7 The appellant contends that manifest unreasonableness is a ground of review, despite the privative clause. The submission is that where a decision is so unreasonable that no reasonable decision maker, acting within jurisdiction and according to law, would have come to such a conclusion, that decision cannot be characterised as a bona fide attempt to exercise the power. It was further submitted that such a decision offended against the third Hickman principle in that it was not reasonably capable of reference to the power granted by the Act.
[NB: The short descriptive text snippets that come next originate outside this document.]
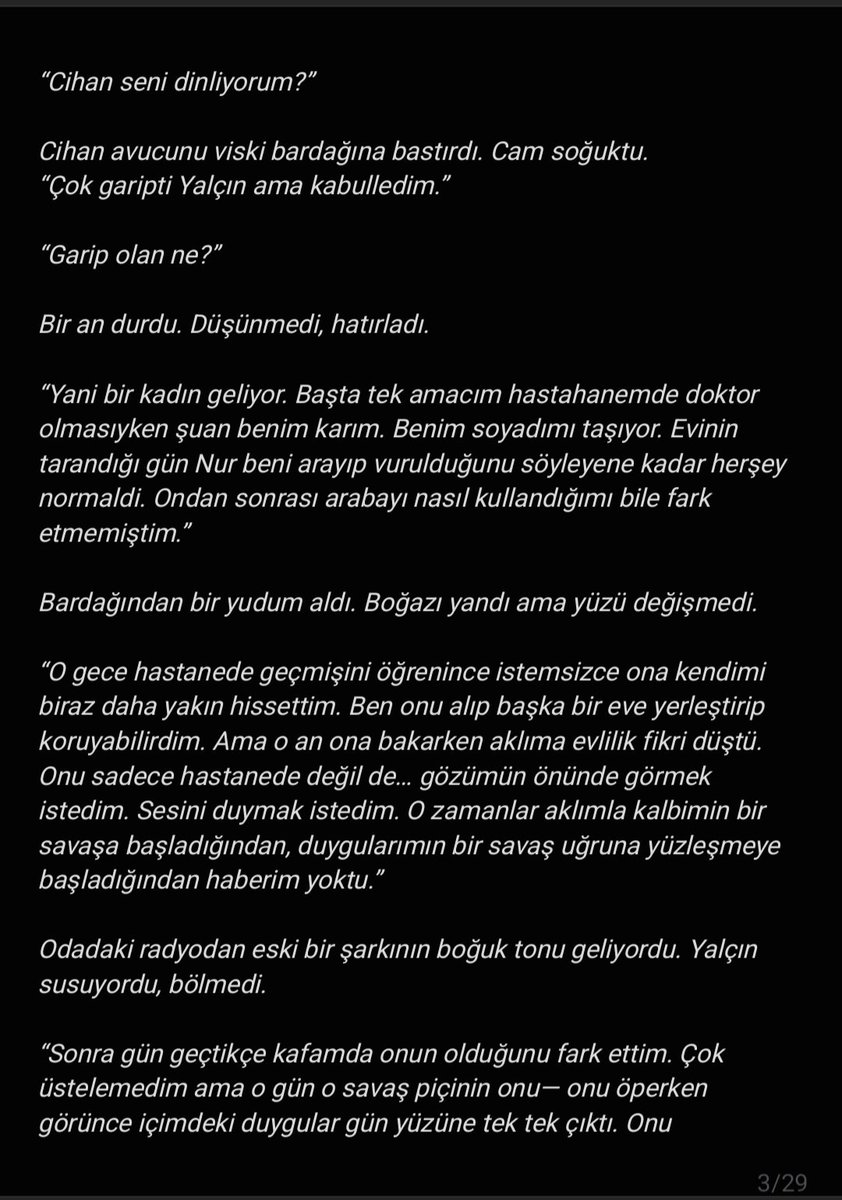 Elyndrax_'s tweet photo. Vebal : Başlangıç
Bölüm 13 - "İz"
“Aşk bazen sarılmaktır… bazen de kapının ardında duyulan tek bir kelimeyle sınanmaktır.”🩶
1/7
#UzakŞehir #CihAlFanFic #CihAlFic https://t.co/01B8f8Ckm7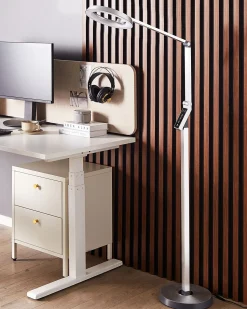 Outlet Beliani Lampada da terra a LED CARINA con dimmer Metallo Argento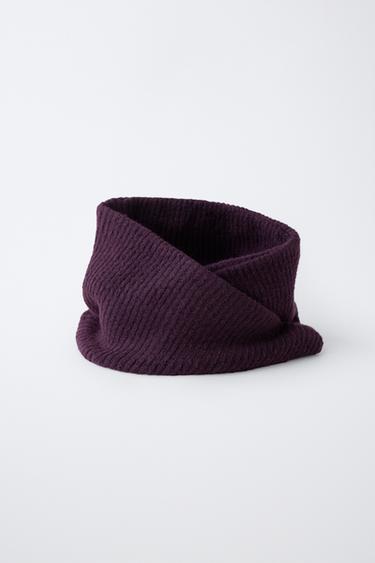 CRISS-CROSS RIBBED KNIT COLLAR — Eggplant 2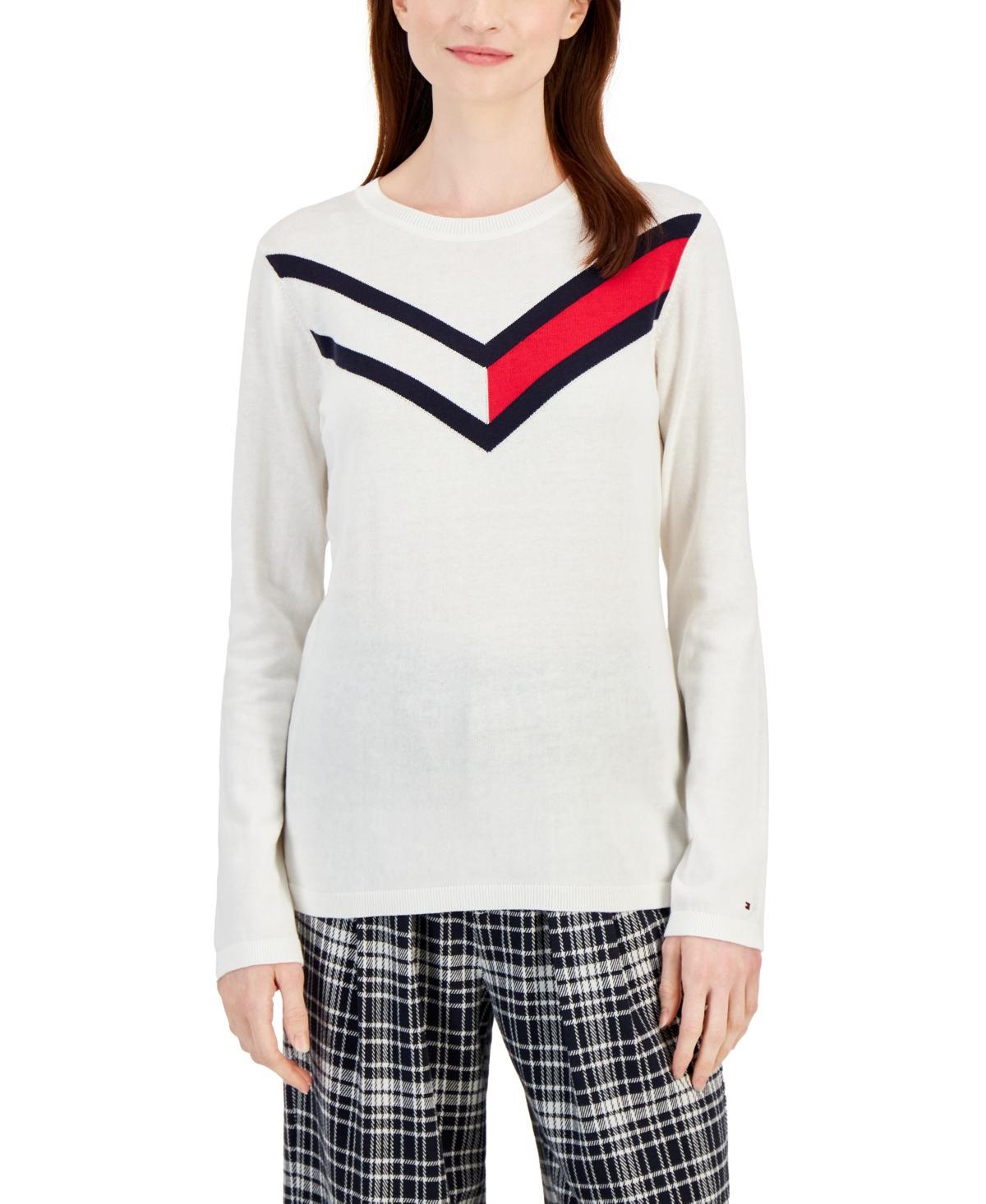 Tommy Hilfiger Womens Cotton Chevron-Striped Sweater Product Image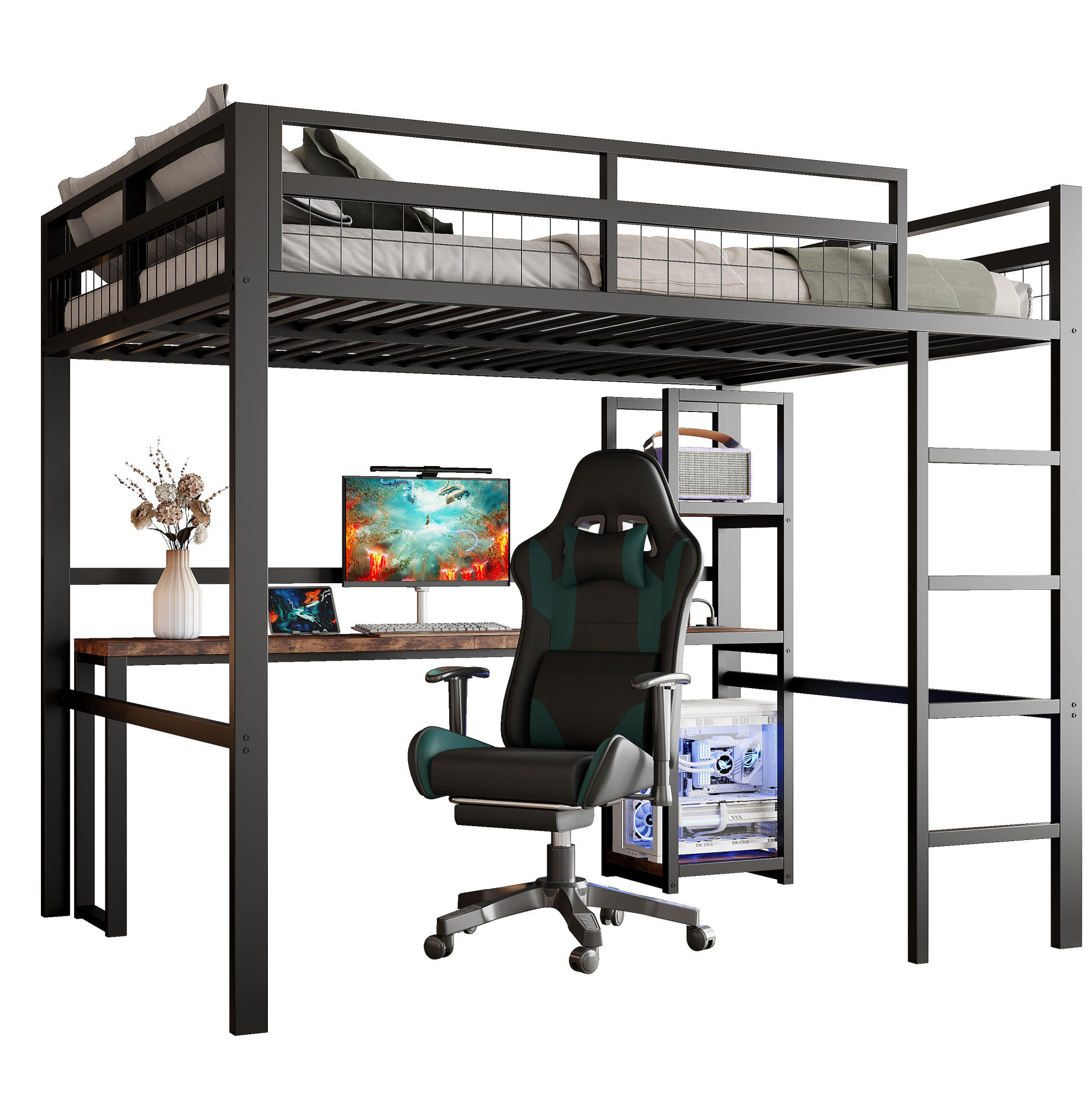 HOCHBETT mit Schreibtisch 140/200 cm in Schwarz – mit Regalen, Leiter und Rausfallschutz - Schwarz, Metall (140/200cm) - BEAOK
8 It is apparent from the reasons of the primary judge that her Honour was very much alive to the arguably harsh effect of the Minister's decision. Her Honour said:

`It may be expected that strong views might be held about whether the circumstances pertaining to the applicant require the cancellation of his visa and deportation. A decision to do so may be seen as very harsh, given that he has lived all his life in Australia, has a young family here and no family in Lebanon. To say that the decision is unreasonable on these accounts however, would be to say that the reasoning is wrong. It was pointed out in Minister for Immigration and Multicultural Affairs v Eshetu (1999) 197 CLR 611, 626 that the word "unreasonable" is often used to declare, emphatically, that the decision was wrong. It does not follow that there will be a legal consequence. This is such a case. The complaint made of the Minister's decision is, in reality, that he did not give enough weight to the factors referred to above and gave too much weight to the applicant's criminal history and the nature of the convictions, the majority of which involved drugs. As Mason J observed in Peko-Wallsend [(1986) 162 CLR 24] (at 42) it needs to be borne in mind that a Minister takes into account broader policy considerations. The Courts will not readily find reviewable error as to what the public interest requires. The applicant cannot establish that the decision was unreasonable in the legal sense.'
9 The test of Wednesbury unreasonableness has been variously stated. Lord Diplock in Bromley London Borough Council v Greater London Council & Anor [1983] 1 AC 768 said at 821 that the test was whether the decision:

`... looked at objectively, [was] so devoid of any plausible justification that no reasonable body of persons could have reached [it].'
In Council of Civil Service Unions & Ors v Minister for the Civil Service [1985] AC 374, his Lordship also said at 410 that the decision must be `... so outrageous in its defiance of logic or of accepted moral standards that no sensible person who had applied his mind to the question to be decided could have arrived at it'.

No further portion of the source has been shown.